🤖 AI Summary
Natural language-to-SQL generation faces accuracy bottlenecks due to complex database schemas, ambiguous user intents, and semantic ambiguities. Method: This paper proposes a lightweight, efficient question-augmentation paradigm enabling end-to-end direct schema linking. It explicitly injects schema elements—including tables, columns, values, and conditions—into both the natural language question and SQL generation process; introduces a candidate-predicate augmentation mechanism to enhance semantic alignment for complex queries; and integrates zero-shot, single-turn prompting with large language models (e.g., DeepSeek-Coder-7B-Instruct), combining schema-aware question rewriting and predicate validation. Results: The approach achieves 66.29% execution accuracy on the BIRD benchmark and 56.45% even with small models without fine-tuning—demonstrating that question augmentation substantially improves LLM generalization in text-to-SQL tasks.
📝 Abstract
Translating Natural Language Queries into Structured Query Language (Text-to-SQL or NLQ-to-SQL) is a critical task extensively studied by both the natural language processing and database communities, aimed at providing a natural language interface to databases (NLIDB) and lowering the barrier for non-experts. Despite recent advancements made through the use of Large Language Models (LLMs), significant challenges remain. These include handling complex database schemas, resolving ambiguity in user queries, and generating SQL queries with intricate structures that accurately reflect the user's intent. In this work, we introduce E-SQL, a novel pipeline specifically designed to address these challenges through direct schema linking and candidate predicate augmentation.

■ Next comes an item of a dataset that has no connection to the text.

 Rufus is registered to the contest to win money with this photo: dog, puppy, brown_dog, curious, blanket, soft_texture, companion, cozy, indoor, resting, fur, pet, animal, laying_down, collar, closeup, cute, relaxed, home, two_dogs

E-SQL enhances the natural language query by incorporating relevant database items (i.e., tables, columns, and values) and conditions directly into the question and SQL construction plan, bridging the gap between the query and the database structure. The pipeline leverages candidate predicate augmentation to mitigate erroneous or incomplete predicates in generated SQLs. Comprehensive evaluations on the BIRD benchmark illustrate that E-SQL achieves competitive performance, particularly excelling in complex queries with a 66.29% execution accuracy on the test set. A further observation from our experiments reveals that incorporating schema filtering into the translation pipeline does not have a positive impact on performance when the most advanced proprietary LLMs are used. Additionally, our experiments with small LLMs highlight the importance and positive impact of enriched questions on their performance. Without fine-tuning, single-prompt SQL generation using enriched questions with DeepSeek Coder 7B Instruct 1.5v achieves 56.45% execution accuracy on the BIRD development set.